Redemption Transaction Fee. A fixed redemption transaction fee, payable to the Custodian, may be imposed for the transfer and other transaction costs associated with the redemption of Creation Units (“Redemption Order Costs”). The standard fixed redemption transaction fee for a Fund, regardless of the number of Creation Units redeemed in the transaction, can be found in the table below. Each Fund may adjust the redemption transaction fee from time to time. The fixed redemption fee may be waived on certain orders if the Custodian has determined to waive some or all of the Redemption Order Costs associated with the order or another party, such as the Adviser, has agreed to pay such fee.

 

In addition, a variable fee, payable to each Fund, of up to the maximum percentage listed in the table below of the value of the Creation Units subject to the transaction may be imposed for cash redemptions, non-standard orders, or partial cash redemptions (when cash redemptions are available) of Creation Units.
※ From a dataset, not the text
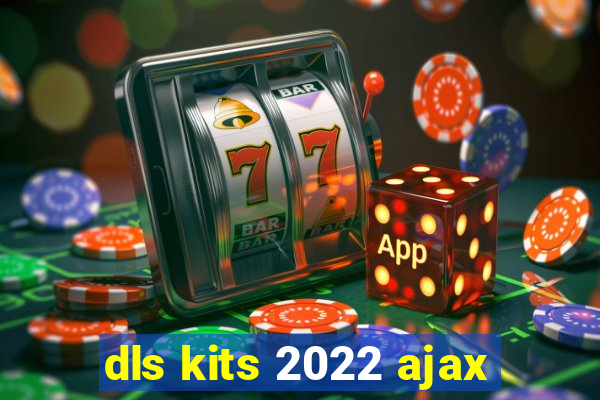 dls kits 2022 ajax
The variable charge is primarily designed to cover additional costs (e.g., brokerage, taxes) involved with selling portfolio securities to satisfy a cash redemption. Each Fund may determine to not charge a variable fee on certain orders when the Adviser has determined that doing so is in the best interests of Fund shareholders.

 

Fixed Redemption Transaction Fee Maximum Variable Transaction Fee
$[250] [2.00]%

 

Investors who use the services of a broker or other such intermediary may be charged a fee for such services. Investors are responsible for the fixed costs of transferring the Fund Securities from the Trust to their account or on their order.

 

Procedures for Redemption of Creation Units. Orders to redeem Creation Units must be submitted in proper form to the Transfer Agent prior to [3:00 p.m.] Eastern time. A redemption request is considered to be in “proper form” if (i) an Authorized Participant has transferred or caused to be transferred to the Trust’s Transfer Agent the Creation Unit(s) being redeemed through the book-entry system of DTC so as to be effective by the time as set forth in the Participant Agreement and (ii) a request in form satisfactory to the Trust is received by the Transfer Agent from the Authorized Participant on behalf of itself or another redeeming investor within the time periods specified in the Participant Agreement. If the Transfer Agent does not receive the investor’s Shares through DTC’s facilities by the times and pursuant to the other terms and conditions set forth in the Participant Agreement, the redemption request shall be rejected.

 

The Authorized Participant must transmit the request for redemption, in the form required by the Trust, to the Transfer Agent in accordance with procedures set forth in the Authorized Participant Agreement. Investors should be aware that their particular broker may not have executed an Authorized Participant Agreement, and that, therefore, requests to redeem Creation Units may have to be placed by the investor’s broker through an Authorized Participant who has executed an Authorized Participant Agreement. Investors making a redemption request should be aware that such request must be in the form specified by such Authorized Participant. Investors making a request to redeem Creation Units should allow sufficient time to permit proper submission of the request by an Authorized Participant and transfer of the Shares to the Trust’s Transfer Agent; such investors should allow for the additional time that may be required to effect redemptions through their banks, brokers or other financial intermediaries if such intermediaries are not Authorized Participants.

 

Additional Redemption Procedures. In connection with taking delivery of Shares of Fund Securities upon redemption of Creation Units, a redeeming shareholder or Authorized Participant acting on behalf of such Shareholder must maintain appropriate custody arrangements with a qualified broker-dealer, bank, or other custody providers in each jurisdiction in which any of the Fund Securities are customarily traded, to which account such Fund Securities will be delivered. Deliveries of redemption proceeds will generally be made within two Business Days of the trade date.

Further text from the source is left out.